Material for this task
··········

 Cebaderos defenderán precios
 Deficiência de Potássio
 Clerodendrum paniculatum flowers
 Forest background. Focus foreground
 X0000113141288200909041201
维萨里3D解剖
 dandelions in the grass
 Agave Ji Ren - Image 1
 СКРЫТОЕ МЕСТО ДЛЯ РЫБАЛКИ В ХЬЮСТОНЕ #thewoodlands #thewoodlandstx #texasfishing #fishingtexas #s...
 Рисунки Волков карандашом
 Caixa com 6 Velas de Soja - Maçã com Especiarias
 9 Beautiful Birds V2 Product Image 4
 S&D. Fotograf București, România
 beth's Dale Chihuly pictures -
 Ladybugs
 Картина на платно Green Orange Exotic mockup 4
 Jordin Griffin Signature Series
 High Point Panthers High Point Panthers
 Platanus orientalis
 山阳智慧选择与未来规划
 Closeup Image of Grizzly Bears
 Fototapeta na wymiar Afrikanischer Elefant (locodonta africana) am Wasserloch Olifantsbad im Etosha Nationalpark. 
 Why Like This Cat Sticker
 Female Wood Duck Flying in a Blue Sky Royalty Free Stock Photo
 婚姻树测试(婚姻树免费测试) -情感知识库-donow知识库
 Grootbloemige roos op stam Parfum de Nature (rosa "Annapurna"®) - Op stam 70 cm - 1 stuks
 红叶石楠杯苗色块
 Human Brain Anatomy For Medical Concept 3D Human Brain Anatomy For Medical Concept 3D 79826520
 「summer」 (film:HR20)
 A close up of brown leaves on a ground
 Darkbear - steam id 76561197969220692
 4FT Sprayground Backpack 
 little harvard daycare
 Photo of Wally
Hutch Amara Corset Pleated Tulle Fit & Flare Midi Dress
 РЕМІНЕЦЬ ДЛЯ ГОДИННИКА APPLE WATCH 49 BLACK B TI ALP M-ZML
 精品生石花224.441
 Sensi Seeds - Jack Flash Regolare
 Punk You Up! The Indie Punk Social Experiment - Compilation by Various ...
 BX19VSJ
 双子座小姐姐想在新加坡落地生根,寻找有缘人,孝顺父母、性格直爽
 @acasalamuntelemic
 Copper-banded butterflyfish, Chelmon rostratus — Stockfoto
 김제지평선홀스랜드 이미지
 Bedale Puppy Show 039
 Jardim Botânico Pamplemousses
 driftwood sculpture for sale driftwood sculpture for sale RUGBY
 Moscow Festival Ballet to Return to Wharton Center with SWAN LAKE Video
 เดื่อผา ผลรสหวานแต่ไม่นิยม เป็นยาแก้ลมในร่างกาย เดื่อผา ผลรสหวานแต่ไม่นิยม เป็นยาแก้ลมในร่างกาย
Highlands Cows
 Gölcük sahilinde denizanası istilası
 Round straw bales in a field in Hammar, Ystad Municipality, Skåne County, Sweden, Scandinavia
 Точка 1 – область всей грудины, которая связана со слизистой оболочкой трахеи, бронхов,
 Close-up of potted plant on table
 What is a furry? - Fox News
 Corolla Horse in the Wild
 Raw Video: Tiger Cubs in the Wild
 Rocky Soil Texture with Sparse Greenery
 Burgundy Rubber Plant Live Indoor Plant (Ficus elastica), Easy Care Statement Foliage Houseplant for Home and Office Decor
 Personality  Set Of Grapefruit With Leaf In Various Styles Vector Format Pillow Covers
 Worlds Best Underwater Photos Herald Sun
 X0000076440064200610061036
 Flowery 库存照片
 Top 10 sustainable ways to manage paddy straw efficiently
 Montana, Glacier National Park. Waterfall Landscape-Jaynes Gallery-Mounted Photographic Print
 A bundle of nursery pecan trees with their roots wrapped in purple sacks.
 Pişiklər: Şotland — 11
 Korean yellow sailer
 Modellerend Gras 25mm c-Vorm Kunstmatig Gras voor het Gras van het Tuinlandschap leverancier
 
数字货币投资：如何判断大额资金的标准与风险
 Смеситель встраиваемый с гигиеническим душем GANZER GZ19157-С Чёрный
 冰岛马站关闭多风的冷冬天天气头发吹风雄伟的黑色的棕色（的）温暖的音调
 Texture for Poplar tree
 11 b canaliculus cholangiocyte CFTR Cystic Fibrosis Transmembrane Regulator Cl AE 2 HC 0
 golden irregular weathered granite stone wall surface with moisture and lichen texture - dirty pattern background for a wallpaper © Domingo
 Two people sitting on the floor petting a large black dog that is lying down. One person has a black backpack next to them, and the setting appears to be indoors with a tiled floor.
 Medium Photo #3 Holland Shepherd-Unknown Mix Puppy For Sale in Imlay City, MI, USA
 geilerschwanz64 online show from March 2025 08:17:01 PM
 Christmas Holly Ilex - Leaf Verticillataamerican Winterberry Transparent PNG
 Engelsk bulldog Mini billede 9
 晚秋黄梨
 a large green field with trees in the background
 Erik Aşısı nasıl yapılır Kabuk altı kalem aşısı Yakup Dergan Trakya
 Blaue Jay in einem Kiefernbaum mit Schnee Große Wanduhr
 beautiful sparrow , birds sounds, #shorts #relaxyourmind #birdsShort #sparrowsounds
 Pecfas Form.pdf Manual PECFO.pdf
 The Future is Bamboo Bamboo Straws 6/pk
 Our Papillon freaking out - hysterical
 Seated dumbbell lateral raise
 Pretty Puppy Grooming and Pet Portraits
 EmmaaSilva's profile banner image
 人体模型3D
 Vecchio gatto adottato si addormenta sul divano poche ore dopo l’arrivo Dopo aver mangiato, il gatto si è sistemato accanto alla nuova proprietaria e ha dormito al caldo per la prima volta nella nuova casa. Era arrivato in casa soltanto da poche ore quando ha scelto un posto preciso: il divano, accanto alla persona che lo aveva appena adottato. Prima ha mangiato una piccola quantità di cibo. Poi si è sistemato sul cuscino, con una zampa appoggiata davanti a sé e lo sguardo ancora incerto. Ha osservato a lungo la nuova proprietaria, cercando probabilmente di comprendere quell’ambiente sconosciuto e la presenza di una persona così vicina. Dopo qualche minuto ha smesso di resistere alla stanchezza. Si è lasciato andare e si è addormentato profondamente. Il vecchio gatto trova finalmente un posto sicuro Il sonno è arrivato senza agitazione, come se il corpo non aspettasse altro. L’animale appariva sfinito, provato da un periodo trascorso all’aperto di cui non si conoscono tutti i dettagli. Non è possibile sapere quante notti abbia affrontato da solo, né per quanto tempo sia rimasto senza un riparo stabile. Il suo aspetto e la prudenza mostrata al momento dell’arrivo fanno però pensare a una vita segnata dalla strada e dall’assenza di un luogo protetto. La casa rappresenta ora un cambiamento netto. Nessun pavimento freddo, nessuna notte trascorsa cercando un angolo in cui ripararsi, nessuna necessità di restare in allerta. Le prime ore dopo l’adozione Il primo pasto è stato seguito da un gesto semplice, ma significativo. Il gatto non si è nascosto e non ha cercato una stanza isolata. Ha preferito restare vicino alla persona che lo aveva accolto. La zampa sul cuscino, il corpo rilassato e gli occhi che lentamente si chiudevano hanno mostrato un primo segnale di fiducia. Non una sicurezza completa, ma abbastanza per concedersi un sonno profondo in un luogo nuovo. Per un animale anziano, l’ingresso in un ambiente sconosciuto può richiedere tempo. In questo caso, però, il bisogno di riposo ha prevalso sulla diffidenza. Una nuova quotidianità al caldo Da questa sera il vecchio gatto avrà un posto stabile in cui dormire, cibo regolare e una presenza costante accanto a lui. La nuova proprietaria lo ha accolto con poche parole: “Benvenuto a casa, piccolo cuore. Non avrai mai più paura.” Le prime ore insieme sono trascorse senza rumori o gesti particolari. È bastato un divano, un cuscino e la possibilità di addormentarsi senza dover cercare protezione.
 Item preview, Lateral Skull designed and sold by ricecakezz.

··········

What is required
Throughout the material above, find each line with "trees" and return it.

Task response
 A bundle of nursery pecan trees with their roots wrapped in purple sacks.
 a large green field with trees in the background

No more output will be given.